“The flame that burns twice as bright burns half as long.” – Lao Tzu
Grave restoration updates here
(3rd July 1831 – 2nd December 1858)
Robert Howlett was a pioneering Victorian photographer, remembered for his revolutionary portrait of Isambard Kingdom Brunel against the launching chains of the SS Great Eastern.
In his tragically short life he condensed a lifetime’s professional career into only four years, becoming a photojournalist, portrait artist and a scientist devoted to mastering this new artistic medium. He was an early member of the Photographic Society, now the Royal Photographic Society, contributing to their exhibitions between 1856 and 1859. Most photographers specialised in one or two areas but Howlett displayed a multitude of diverse skills, demonstrated in full and stereoscopic formats and usually on location. His images spanned a century of industrial revolution in only two years from his Constable style landscape “In the Valley of the Mole” in 1855 to the stark industrial views of I K Brunel’s SS Great Eastern in 1857. Unlike many contemporaries, Howlett usually worked on location, documenting the rapid change unfolding in the late 1850s.
Howlett was a partner in the Photographic Institution, New Bond Street and took part in the Manchester Art Treasures Exhibition, the largest art exhibition in UK history, assisted Prince Albert in documenting works of art in the Royal Collection, produced portraits of “Crimean Heroes” including wounded soldiers for Queen Victoria, printed some of the earliest pictures of the moon and created the first professional narrative portrait using photography. He is credited with the first photograph taken at the Epsom Derby, first photograph to be used in an engineering textbook and the first use of engraved photographs to extensively illustrate a newspaper special edition.
He experimented with instantaneous photography to capture movement, which contributed to his production of photographs with a 21st century documentary feel. Within one year he photographed the largest moveable object on Earth and experimented with photo microscopy, combining camera with microscope to capture the minute detail of an insect.

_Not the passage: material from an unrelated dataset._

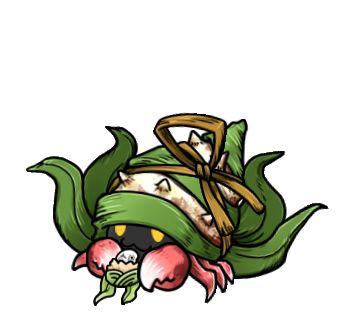 【端午节新鲲】大碗宽面~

Royal Academy artist William Powell Frith requested his help in providing photographic views of Epsom racecourse for “The Derby Day”, now on display at Tate Britain. In 1856 he produced a publication addressing concerns about print deterioration in “On the Various Methods of Printing Photographic Pictures Upon Paper with Suggestions for their Preservation”.

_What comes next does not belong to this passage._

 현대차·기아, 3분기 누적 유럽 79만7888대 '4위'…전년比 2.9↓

Many memorable images were featured in the Illustrated Times with a 24 page special “Leviathan Number” devoted to the construction and launch of the SS Great Eastern, or Leviathan as it was temporarily renamed, produced on 16th January 1858. He was subsequently commissioned by I K Brunel to document the later stages of construction at the Royal Albert Bridge, Saltash. Despite his friend Thomas Frederick Hardwich’s observation that “He was so full of enthusiasm and excitement, that, as a companion observes, he appeared to be running here there and everywhere, and doing in one day as much as most men would accomplish in two or three”, in July 1858 Howlett noted that he had very little spare time, a painful irony four months prior to his death.

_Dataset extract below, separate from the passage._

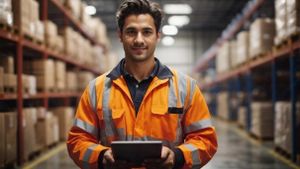 Oportuniad de empleo en Madrid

His final months included a visit to the French city of Rouen to photograph its Flamboyant Gothic architecture using a new orthographic lens. Later, he again collaborated with astronomer Warren de la Rue, this time in the production of stereoscopic images showing the moon in 3D for the first time. This was displayed on 12th November 1858, he died 20 days later.
Robert Howlett’s death certificate indicates his cause of death as typhoid fever at the age of 27, one year after taking his portrait of Brunel, and was buried at his father’s church of St Peter and St Paul, Wendling, Norfolk. Two weeks later his “fellow labourer” Thomas Frederick Hardwich wrote a long, sincere obituary in The Photographic Journal, deeply lamenting the unexpected passing of his close friend.
Several photographs were exhibited posthumously between 1859 and 1865. His work can be seen in the UK in the National Portrait Gallery, Royal Collection, Brunel Museum, National Media Museum, Victoria and Albert Museum, National Army Museum and Brunel Institute.
Howlett’s Great Eastern images were featured in the first episode of BBC Four, Britain in Focus.http://www.bbc.co.uk/programmes/b08h95jk
A full biography and catalogue of work is in preparation.